+++ Task inputs +++

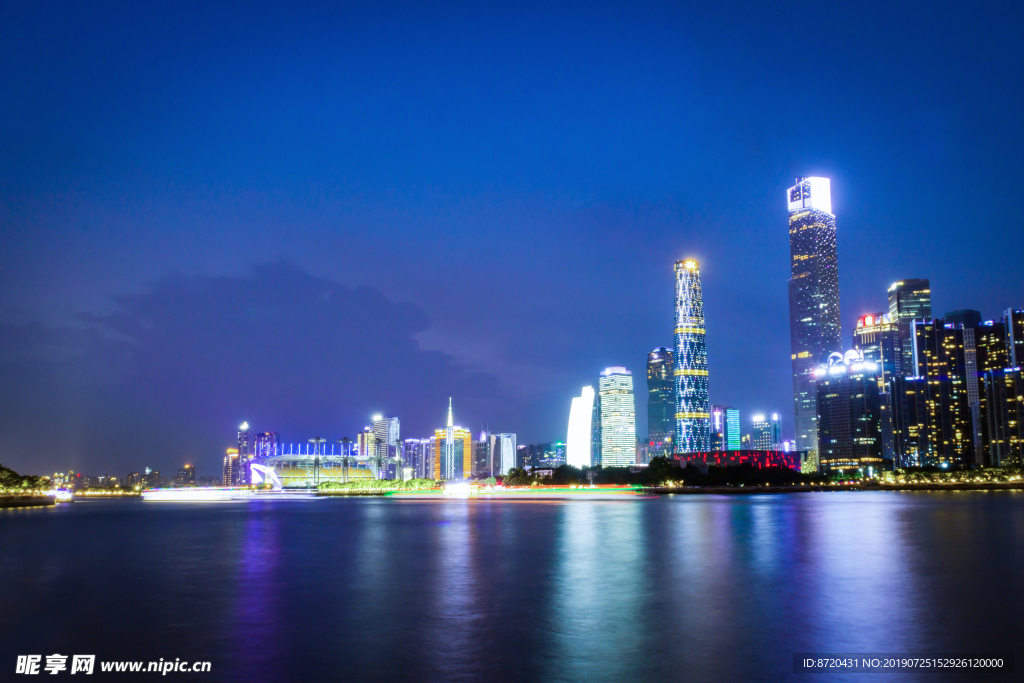 广州江边城市夜景风光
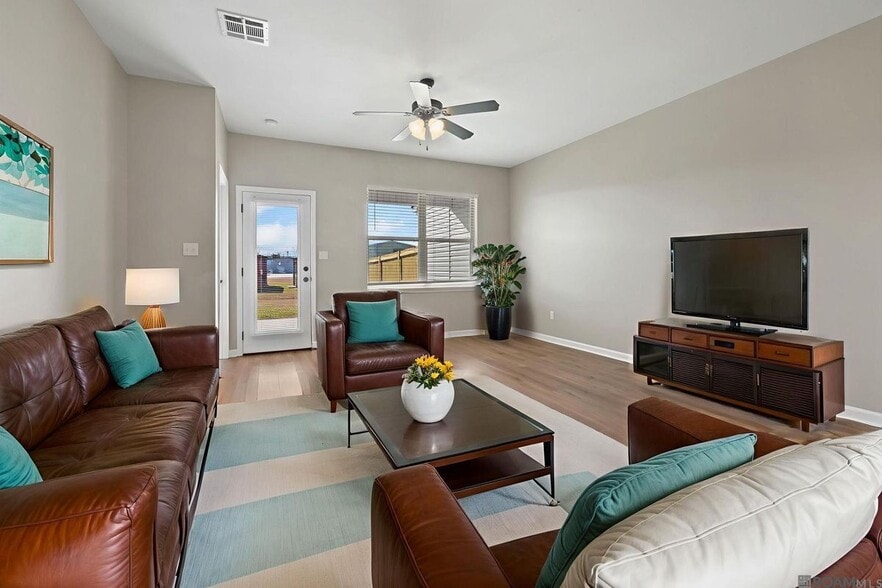 Building Photo - 17455 Berkshire Dr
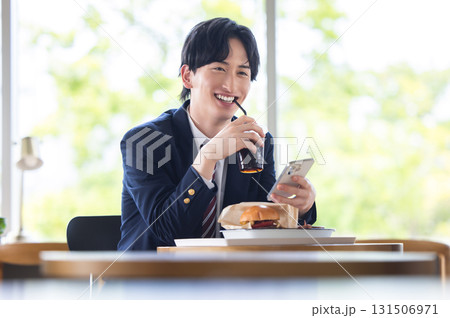 食事をする男性 食事をする男性 131506971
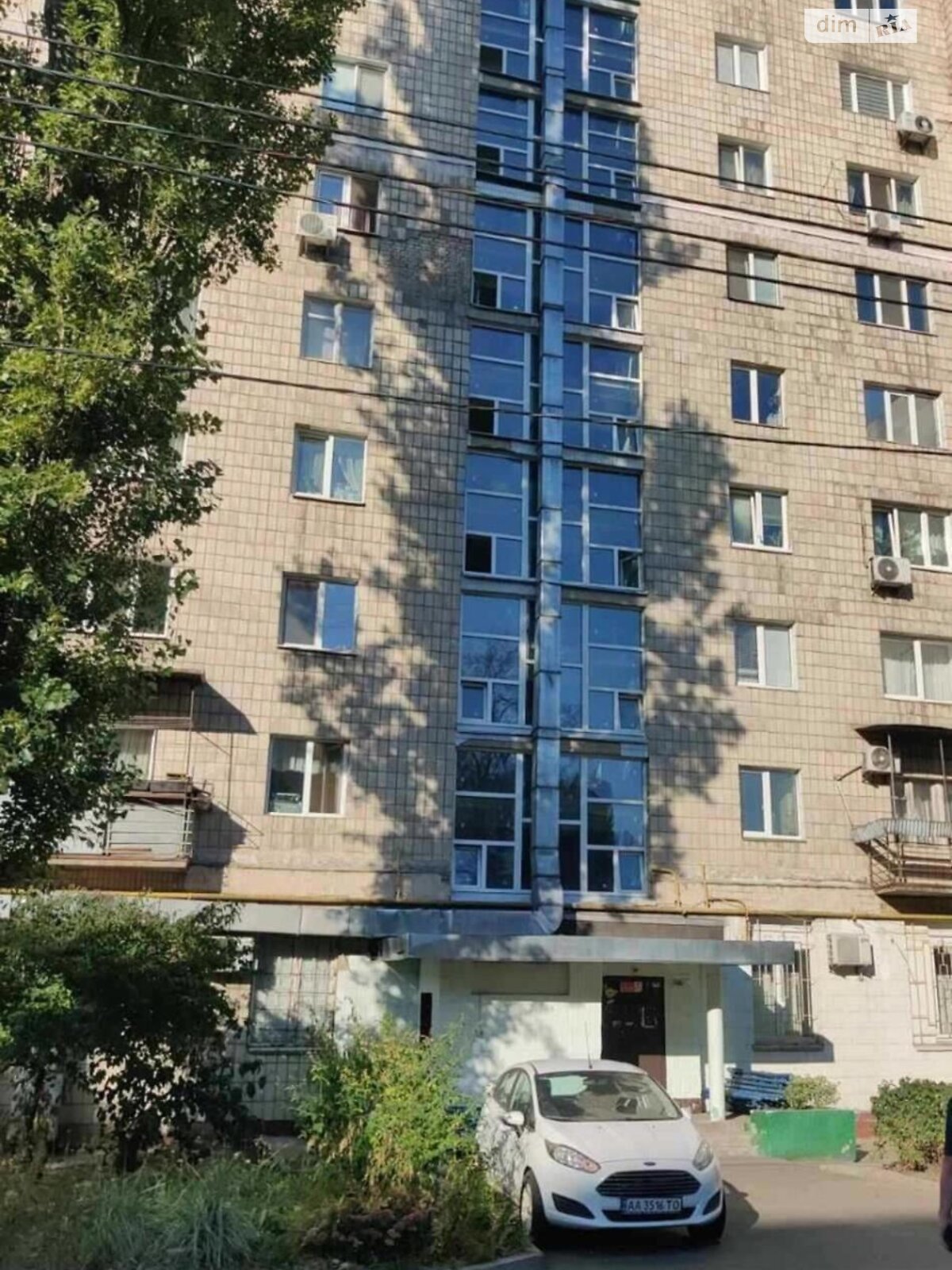 Продаж трикімнатної квартири в Києві, на наб. Русанівська 4, район Русанівка фото 1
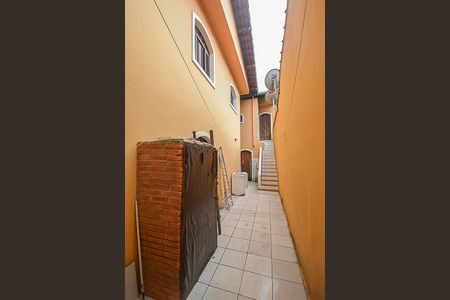 Casa à venda com 243m², 2 quartos e 2 vagas Casa à venda com 243m², 2 quartos e 2 vagasCasa 2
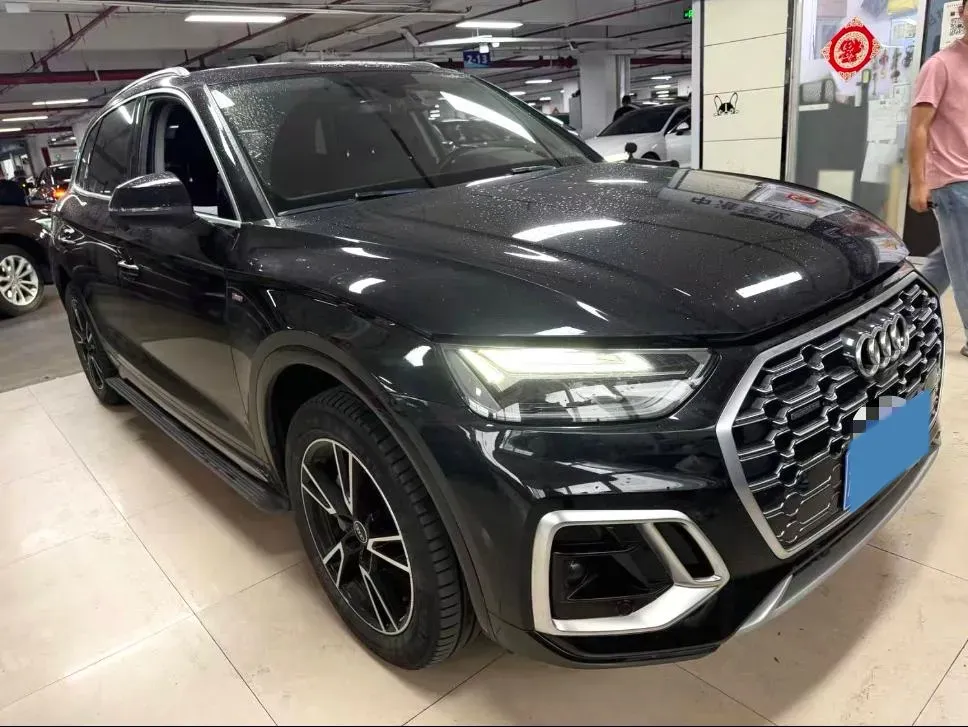 2022 Audi Q5L 2.0T 190HP L4 7DCT,autocango,china used car exporter,china ev exporter,chinese used car exporter,chinese used ev exporter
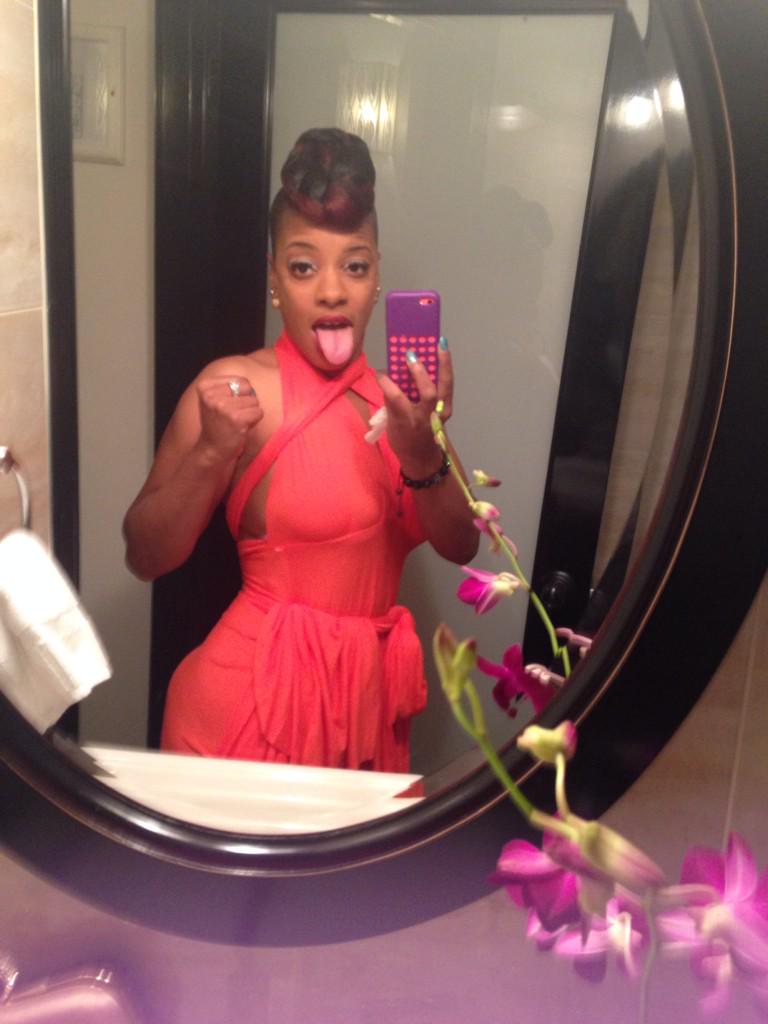 WHATZHOTANDNOT's tweet photo. Pose for the camera now!!!! Wherever I go,their I will be!!! #MiamiTonight http://t.co/BETlJHpZVk #WhatzHot http://t.co/uPkRFP4Hvt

+++

### [Required action]
For the entries above, the output must hold exactly the lines from the one with "Casa à venda com 243m², 2 quartos e 2 vagas Casa" through the last line, both included, and no pictures.

### [Answer below]
 Casa à venda com 243m², 2 quartos e 2 vagas Casa à venda com 243m², 2 quartos e 2 vagasCasa 2
 2022 Audi Q5L 2.0T 190HP L4 7DCT,autocango,china used car exporter,china ev exporter,chinese used car exporter,chinese used ev exporter
 WHATZHOTANDNOT's tweet photo. Pose for the camera now!!!! Wherever I go,their I will be!!! #MiamiTonight http://t.co/BETlJHpZVk #WhatzHot http://t.co/uPkRFP4Hvt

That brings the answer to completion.